• _Data for this task_:

■ ■ ■

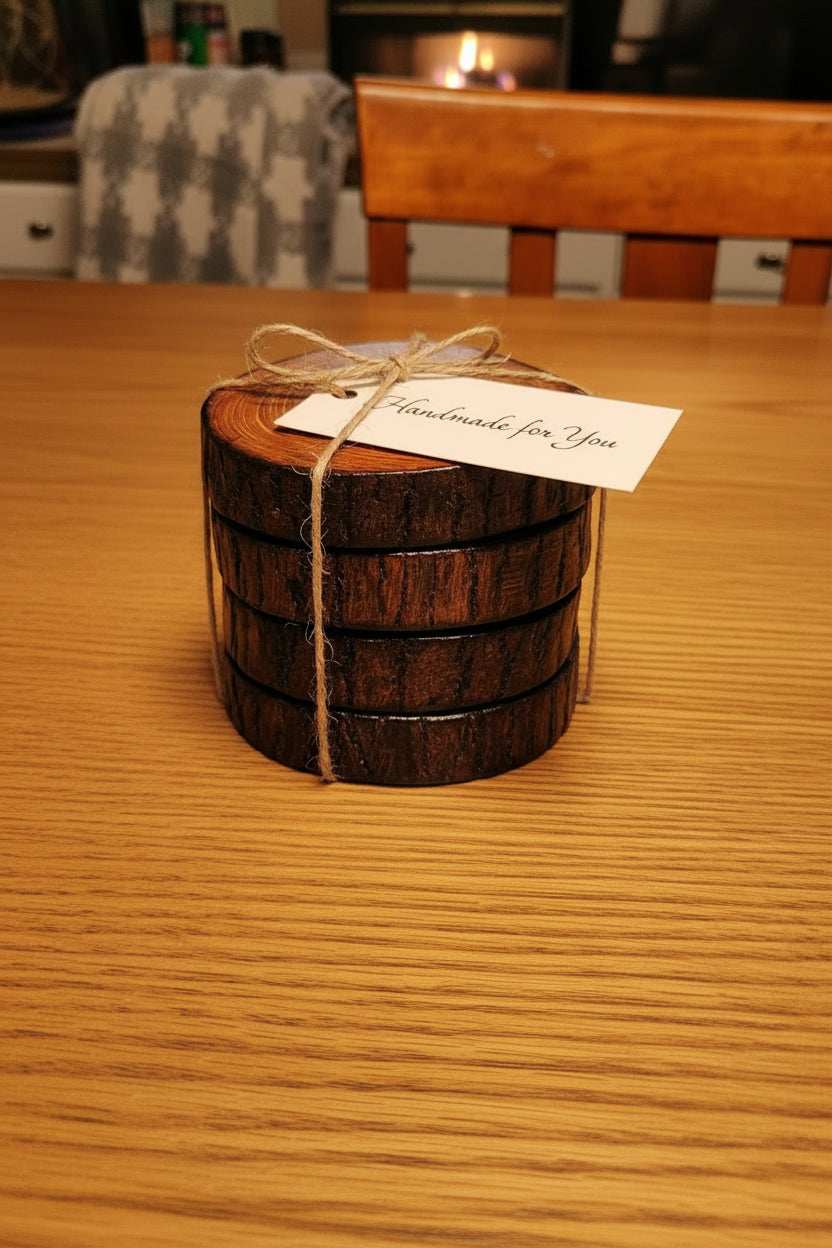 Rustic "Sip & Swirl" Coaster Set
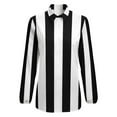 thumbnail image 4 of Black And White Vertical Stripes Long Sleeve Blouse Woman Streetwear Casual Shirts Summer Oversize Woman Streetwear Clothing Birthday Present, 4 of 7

■ ■ ■

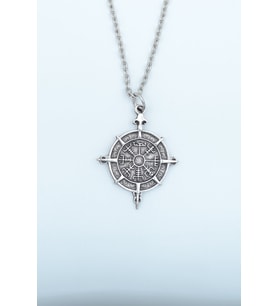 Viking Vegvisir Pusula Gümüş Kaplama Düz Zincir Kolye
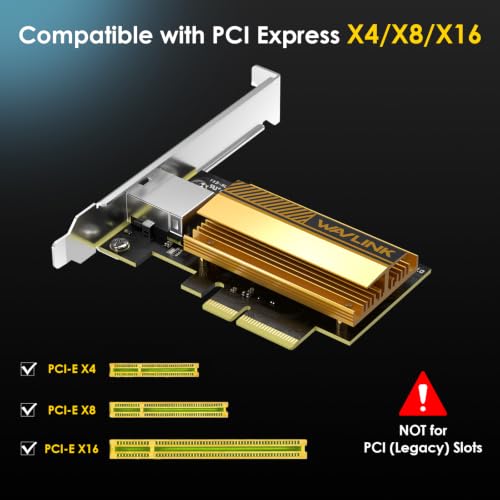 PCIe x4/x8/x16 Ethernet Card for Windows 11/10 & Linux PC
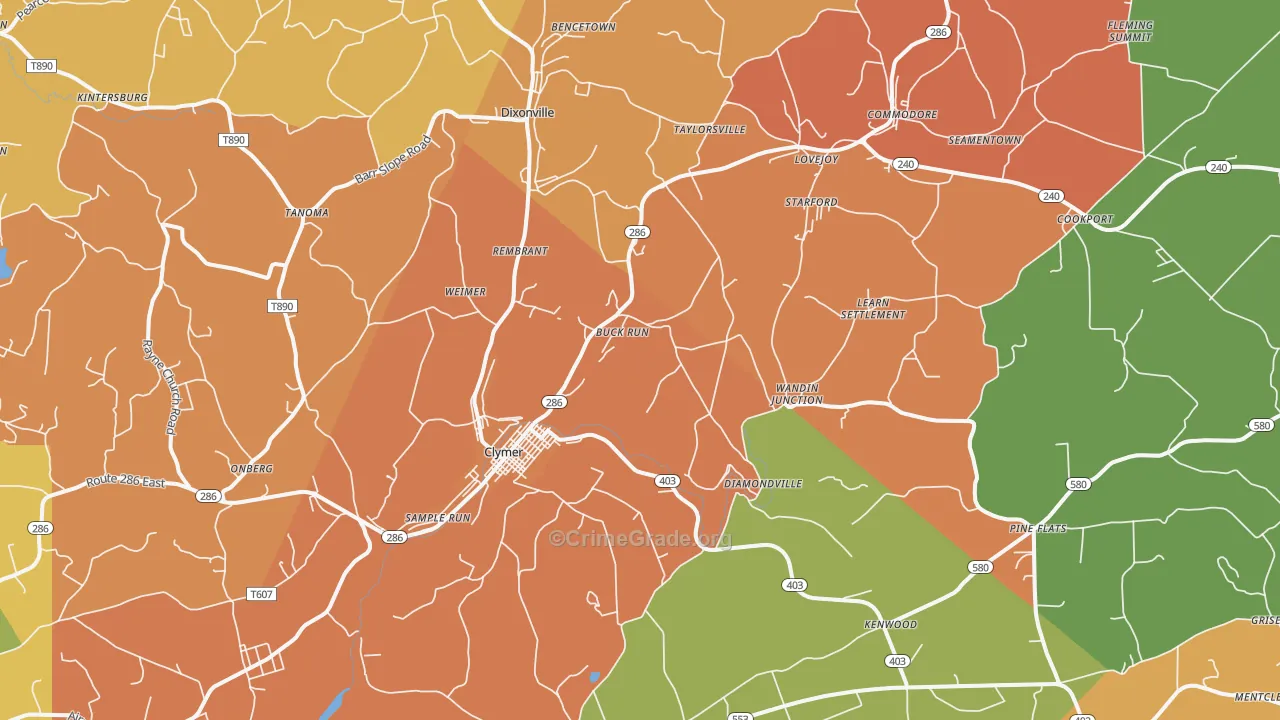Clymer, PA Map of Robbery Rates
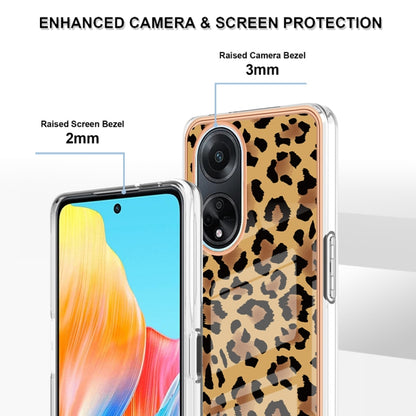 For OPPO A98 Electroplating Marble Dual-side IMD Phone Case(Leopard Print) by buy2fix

■ ■ ■

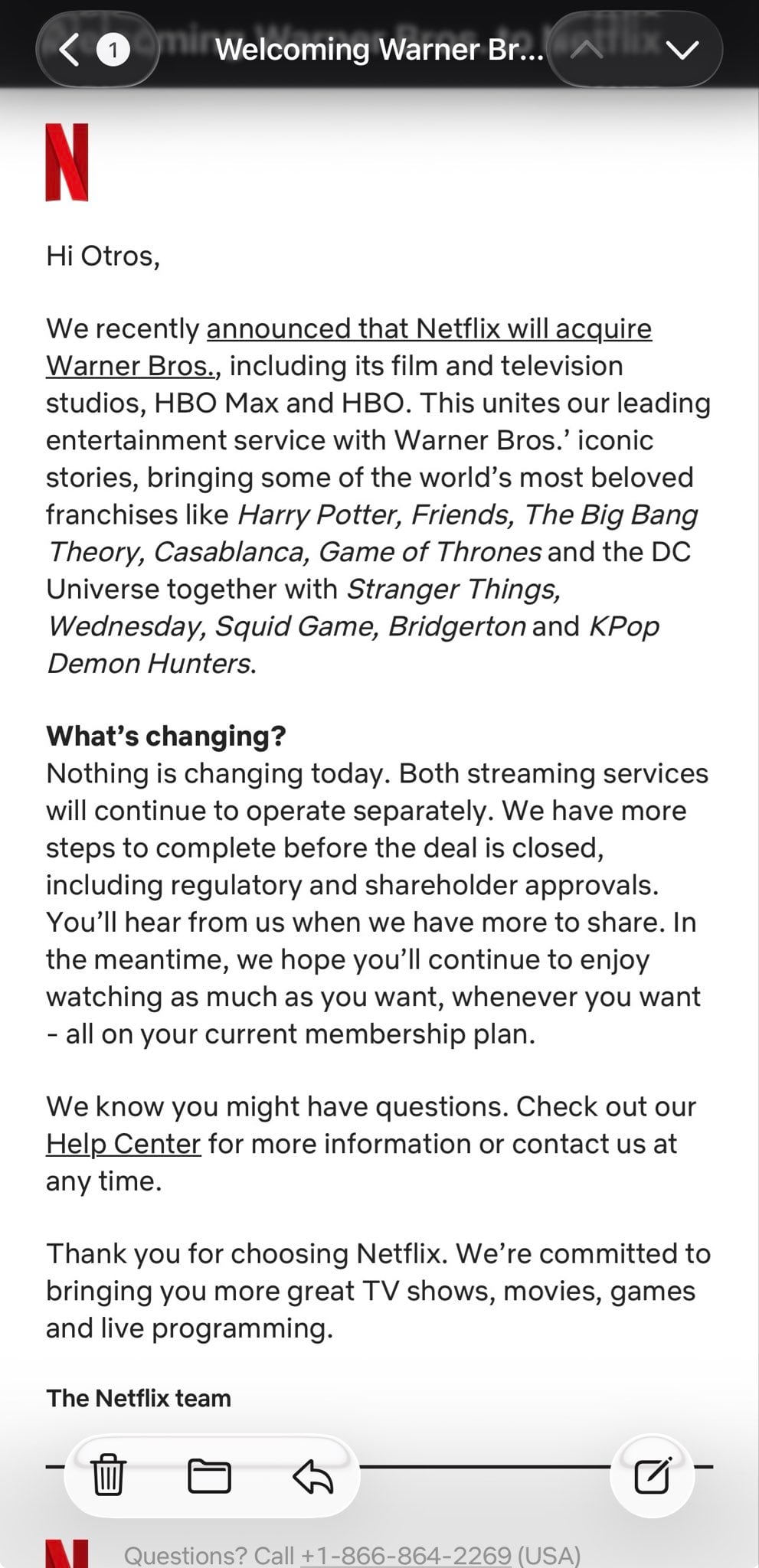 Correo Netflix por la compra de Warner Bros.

■ ■ ■

• _To do_:
Taking the entries above, copy word for word the lines from the one with "PCIe x4/x8/x16 Ethernet" up to and including the one with "For OPPO A98", without any picture.

• _Answer_:
 PCIe x4/x8/x16 Ethernet Card for Windows 11/10 & Linux PC
Clymer, PA Map of Robbery Rates
 For OPPO A98 Electroplating Marble Dual-side IMD Phone Case(Leopard Print) by buy2fix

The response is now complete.